Reader, what a colossal disappointment this movie is. After seeing the trailer on YouTube I went in, unsuspecting, hoping for a restrained drama that would eventually reveal its secrets after peeling back layers and layers of events half-mentioned, secrets half-disclosed, into some major revelation, something approaching catharsis. No. That never happens here. Nothing of consequence ever happens, and perhaps that is the point? That the effect we think we have on our friends and ex-college classmates wasn’t as important as we imagined it to be. Either/or, The Sense of an Ending, while it’s speckled with moments of curt humor between Jim Broadbent and Harriet Walker who play ex-spouses, or Broadbent and Michelle Dockery (as his lesbian daughter), the film’s backstory is merely filler treated in a way as to present a mystery that reveals more mysteries.
So, let’s get into the premise. Tony Webster (Broadbent) receives a notification that a woman he knew when he was in college, Sarah Ford (played in flashbacks by Emily Mortimer), the mother of a girl he awkwardly dated, has died and left him a diary for him to read. The conflict of the novel arises when the daughter (and former flame), Veronica (Charlotte Rampling) refuses to hand over the property. Conversations point to the fact that perhaps she isn’t willing to part just yet due to a personal attachment, which is entirely possible. All this looks like it should be some sort of romantic suspense story — will we learn the contents of the diary or not? — but Ritesh Batra holds off to this important plot point, preferring instead to go back in time to when Webster was in college, falling in love with Veronica, losing her to a close friend who it seems that he also held some affection (or is it attraction). It’s a problem because the entire movie hangs onto this One Thing, and when we finally get there, when Rampling finally enters the picture to deliver her Beatrice Straight scene (she essentially has one long scene with Broadbent, but is seen later in glimpses), it comes not as a revelation but a let-down.
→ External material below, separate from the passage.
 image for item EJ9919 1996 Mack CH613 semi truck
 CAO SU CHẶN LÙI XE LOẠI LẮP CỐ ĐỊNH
This is why Sense of a an Ending is so disappointing. I don’t mind pictures that fail to disclose all of their secrets — if anything, sometimes that works to magnify a film’s allure — but when you have a story that is amplified up by bloat, and a main character who seems not to have grown over the years and reflected upon his own life and relation to others, you have a movie that is closer to dead on arrival.